Mine will remote start (using my second key/FOB) if the other key/FOB
set is in the truck but not inserted in the ignition.* I can also
remote
start it using the GMC app that's in my smartphone.* If I try
doing that
with the key in the ignition, but in the "off" position, the app
on the
smartphone comes back with a message saying, "Cannot start, key in
ignition".





Logic tells me that 4 or 8 could be the only things on that list
** that could cause shutdown after start.

I'd narrow it down even more to #8.* With the three codes that
John's getting, it's hard to believe the CEL isn't on.* Maybe the
CEL bulb is burned out?



Don't think so.* If he left his key in the ignition the remote start
wouldn't start the truck at all.* However, it would if he just left the
keys sitting on the seat or console.* Remember, John said his remote
will start the truck but it shuts down within a few seconds.

I did the same thing... don't count line #1, "10 things to check".* #8
is the "Check engine light".* # 7 is the key.



Ha!* I am an idiot.



It's not often we get a thread this long and this silly, not that I have
read most of it. :)

If I were having a "problem" with my truck, rather than seeking help
from a bunch of non-mechanics here who don't know the answer, I'd simply
drop the truck off at an authorized dealership and let the dealer's
service personnel analyze and fix the problem.
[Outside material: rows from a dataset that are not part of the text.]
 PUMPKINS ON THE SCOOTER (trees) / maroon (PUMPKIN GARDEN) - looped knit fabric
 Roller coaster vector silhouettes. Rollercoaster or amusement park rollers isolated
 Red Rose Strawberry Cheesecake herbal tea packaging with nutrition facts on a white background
We're not talking about a
brand new model vehicle here, so whatever the issue is, it surely has
come up previously and there is a manufacturer's service bulletin on it,
along with dealership mechanics with the tools and knowledge to fix it.

Crikey. How many rec.boaters does it take to change a light bulb? No one
knows, but Fretwell will build you a powerplant off the energy created
by flushing your toilet to power it, so he doesn't have to spend 25
cents a day to light it once Luddite figures out how to screw it in.



My connector for the number two injector went bad. Known problem.
Happened about 1/4 mile from Donner Summit. Towed to dealer in Colfax.
$175 dealer charge to find nothing wrong. Went in to limp mode before I
got to Sacramento. Bought an ODB reader at Oreilly auto parts and WiFi at
McDonalds to diagnose problem. The dealer had several codes, but the
known problem code was there. So a $60 reader and the internet showed me
how to fix the problem. Icepick or sharp pointed object to go through the
plastic and make a better connection. Or a piece of aluminum foil from a
cigarette pack also works. Helps to be able to fix stuff yourself.


I'm thinking the ABS problem may be the module. From what I'm reading they do go bad over time. But,
I'm not going to try to replace it. I'll let the pros do it.